**DATA FOR THIS TASK:**
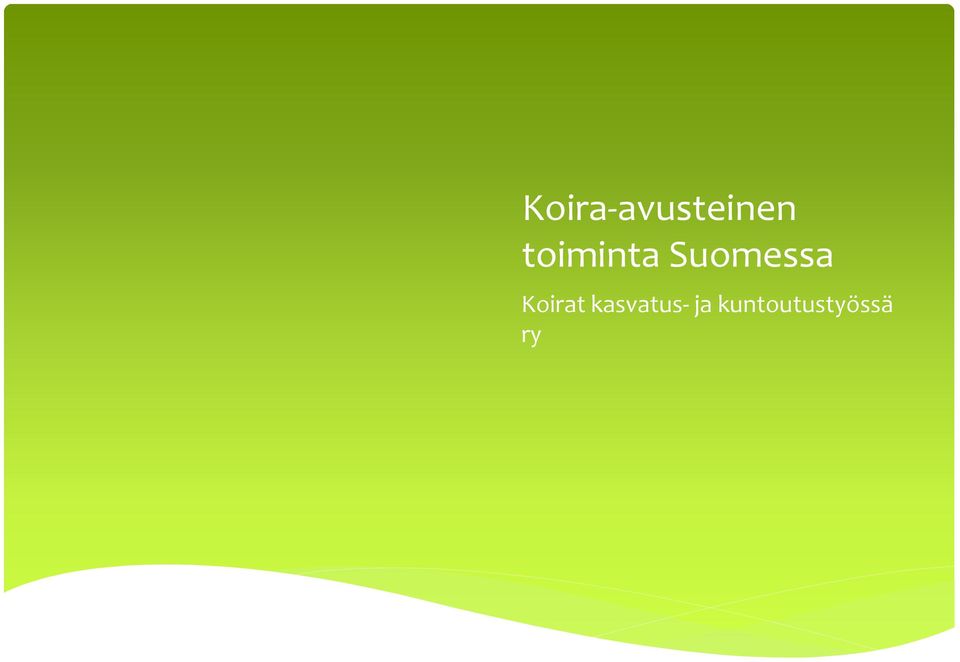 Koirat kasvatus-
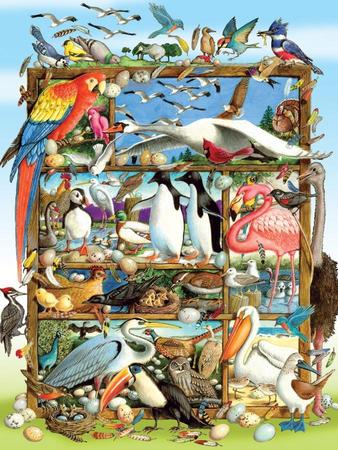 Birds of the World 350 Piece Puzzle Cobble Hill Puzzles Cobble Hill Puzzles Birds of the World 350 Piece Puzzle Cobble Hill Puzzles Cobble Hill Puzzles
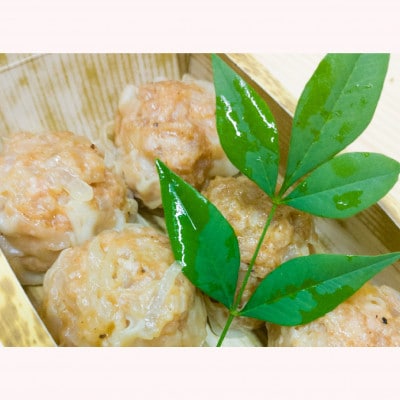 ふっくらジューシー♪ジャンボシュウマイ　12個(6個入×2パック)【配送不可地域：離島・北海道・沖縄県・東北・中国・四国・九州】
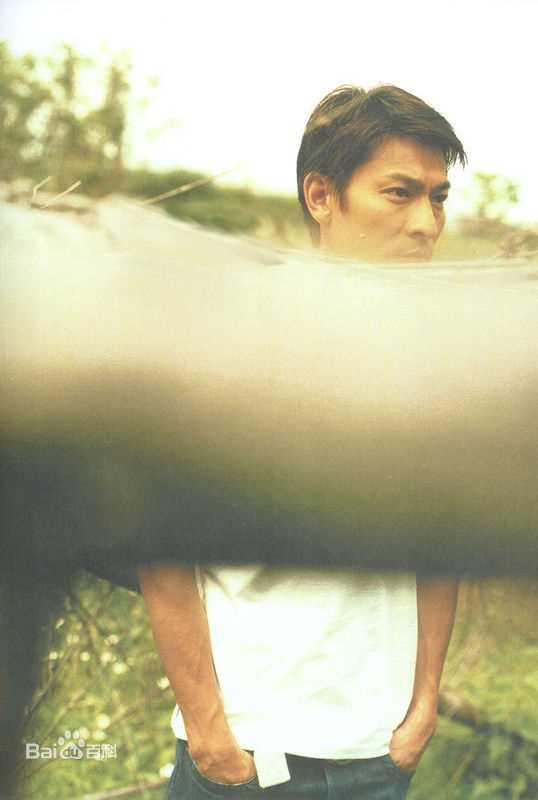 最优质刘德华(Andy Lau，Lau Tak Wah)精彩图册2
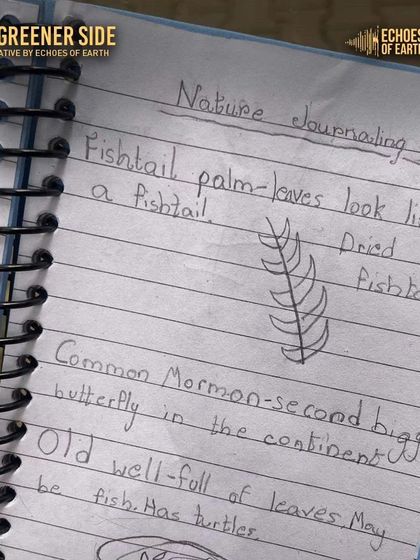A page from a child's nature journal, with sketches and notes about a Fishtail palm and a Common Mormon butterfly. This is where learning becomes personal.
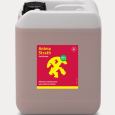 anima Strath 5 L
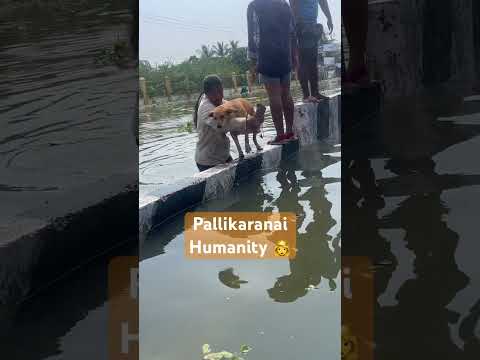 #Chennai flood humanity moment #Pallikaranai #Michaung #Humanity moment #Watch this #Chennai Flood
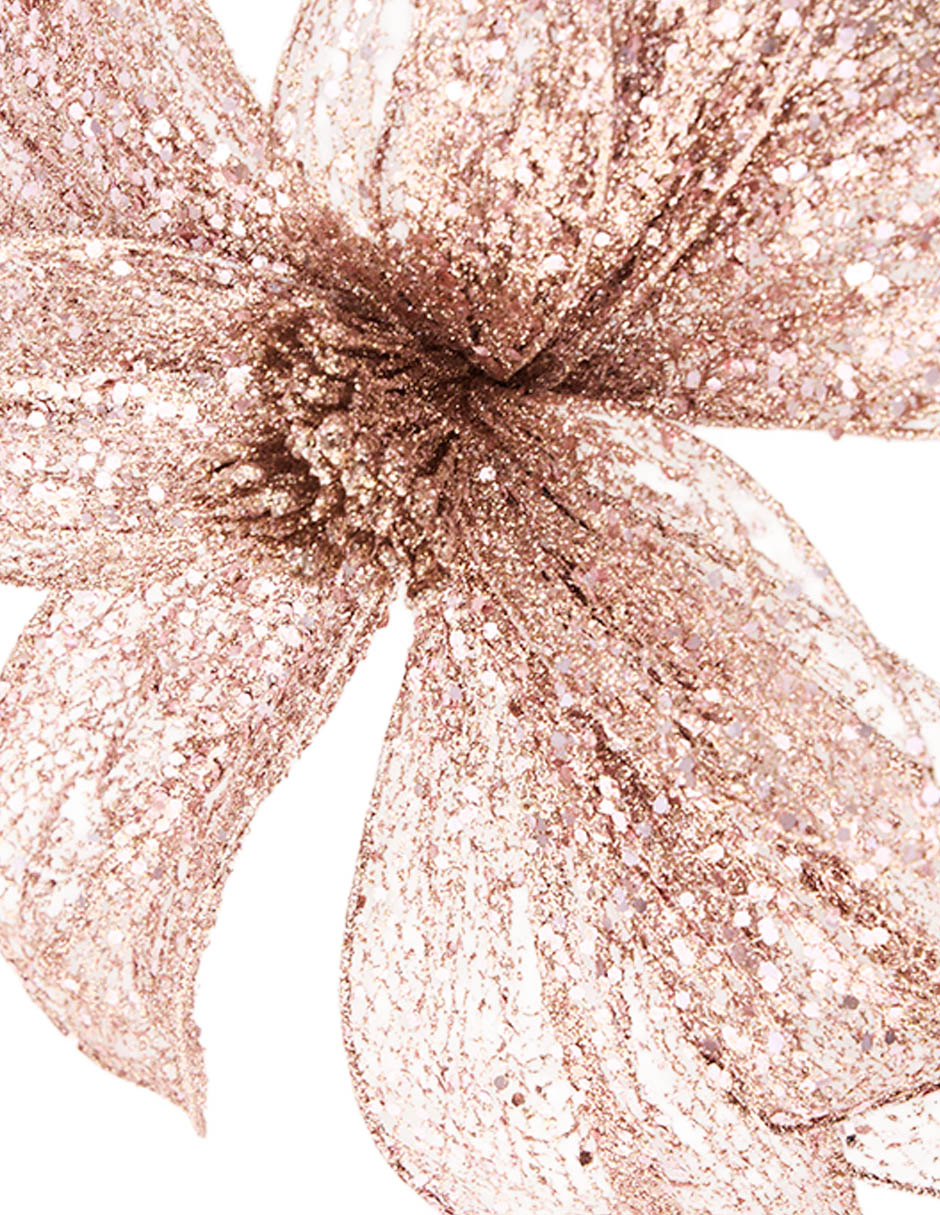 Magnolia decorativa 6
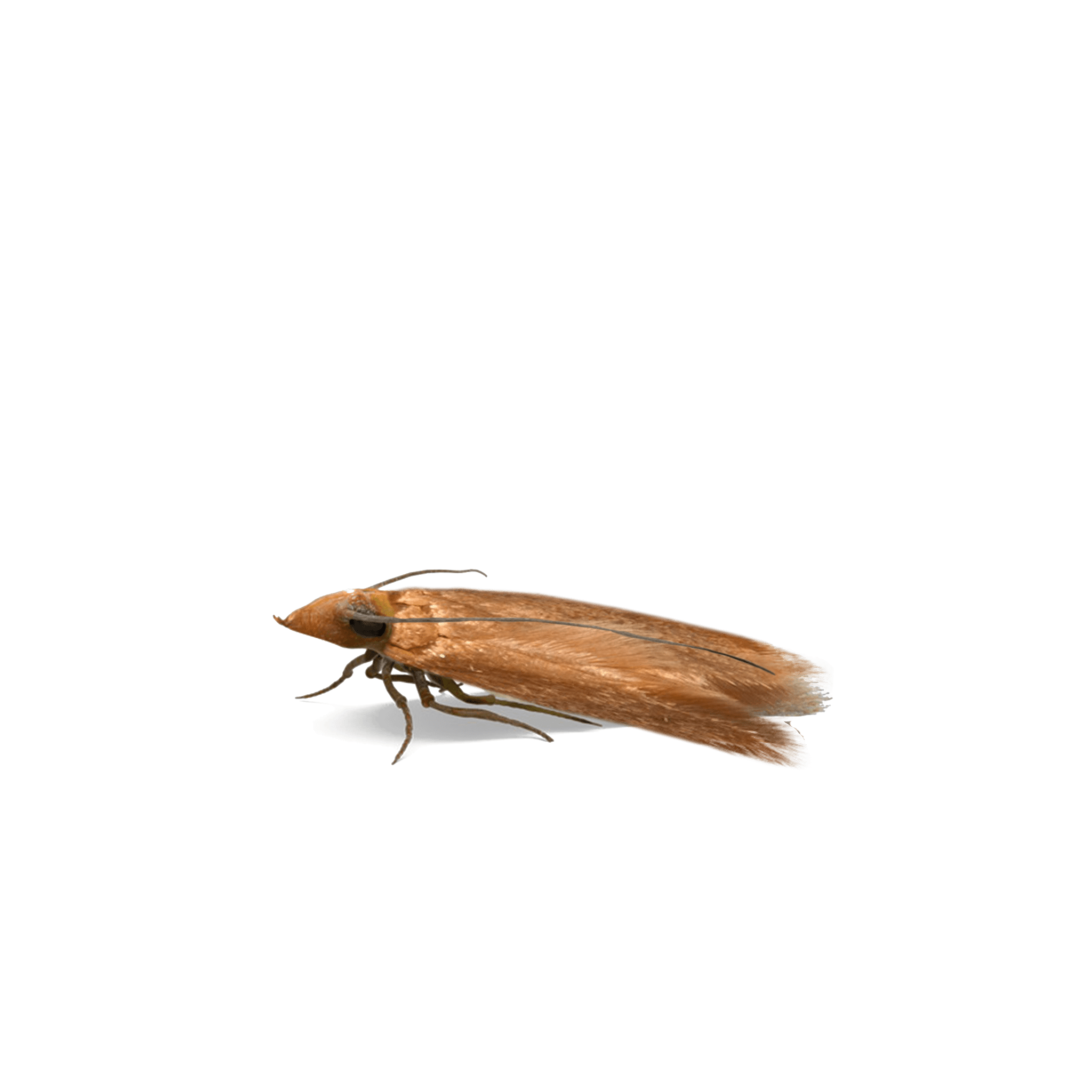 Comment se débarrasser des mîtes des vêtements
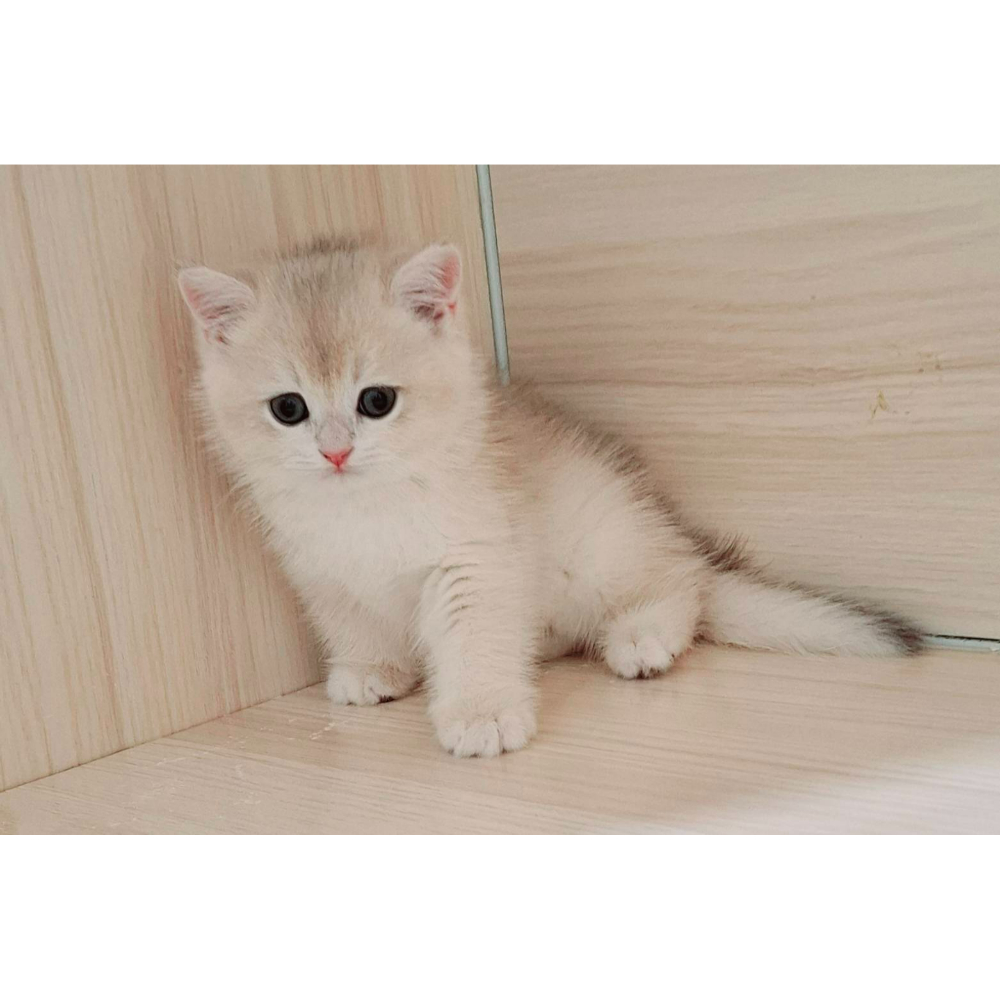 金漸層弟弟/藍金漸層弟弟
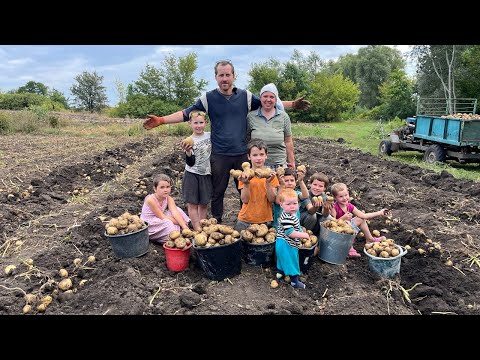 ФАНТАСТИЧЕСКИЙ урожай картофеля собираем всей семьей! Хватит на всех!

**ABOUT THIS TASK:** An exact reproduction of the lines from the line containing "金漸層弟弟/藍金漸層弟弟" through the end of the listing above is needed; pictures stay out.

**PROBLEM SOLUTION:**
 金漸層弟弟/藍金漸層弟弟
 ФАНТАСТИЧЕСКИЙ урожай картофеля собираем всей семьей! Хватит на всех!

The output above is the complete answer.